_Work to be completed_:
Restate the data below word for word. Skip any images it contains.

_Collected material_:
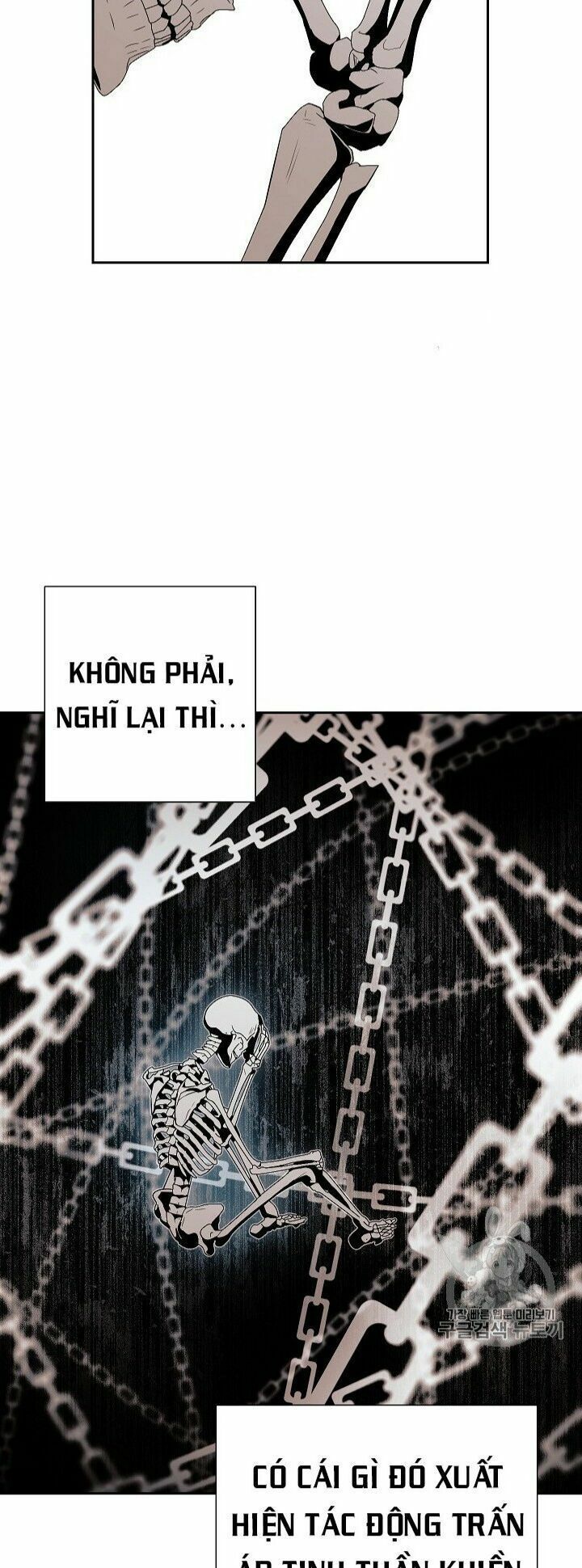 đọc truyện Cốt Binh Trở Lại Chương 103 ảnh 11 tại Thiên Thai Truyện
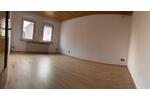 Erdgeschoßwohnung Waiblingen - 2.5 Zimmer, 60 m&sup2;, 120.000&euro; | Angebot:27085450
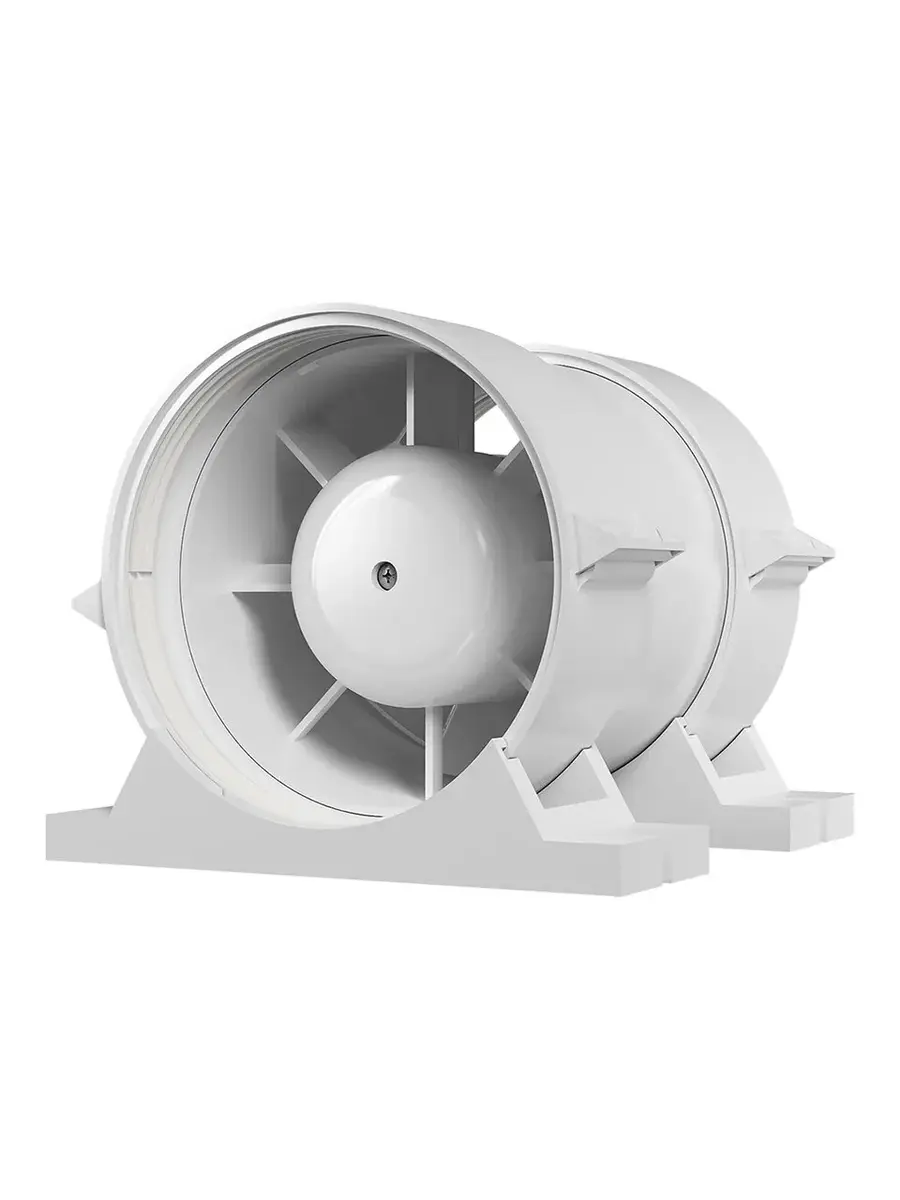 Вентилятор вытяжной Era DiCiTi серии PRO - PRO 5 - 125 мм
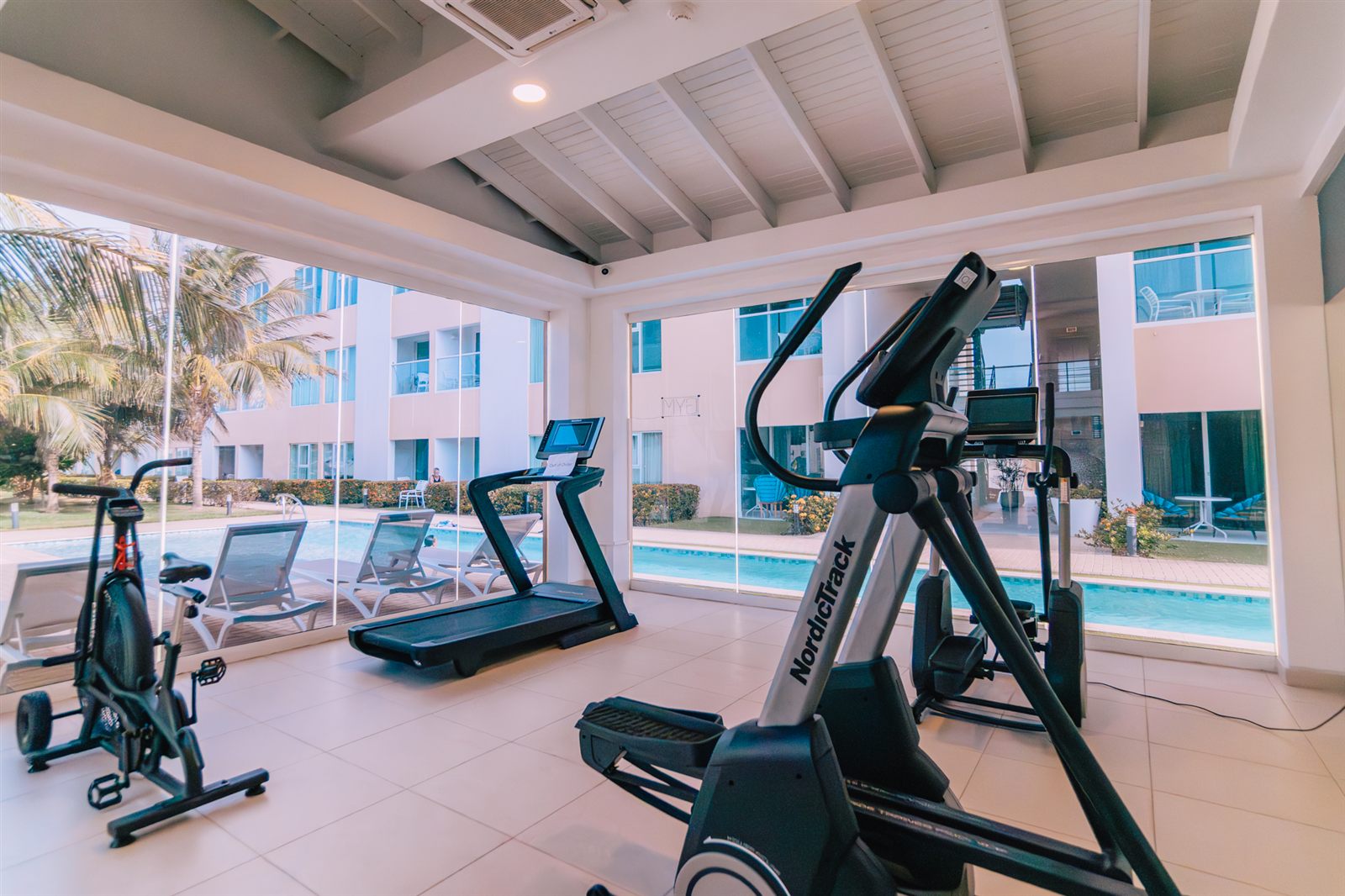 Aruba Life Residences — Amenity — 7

_Completed task_:
 đọc truyện Cốt Binh Trở Lại Chương 103 ảnh 11 tại Thiên Thai Truyện
 Erdgeschoßwohnung Waiblingen - 2.5 Zimmer, 60 m&sup2;, 120.000&euro; | Angebot:27085450
 Вентилятор вытяжной Era DiCiTi серии PRO - PRO 5 - 125 мм
 Aruba Life Residences — Amenity — 7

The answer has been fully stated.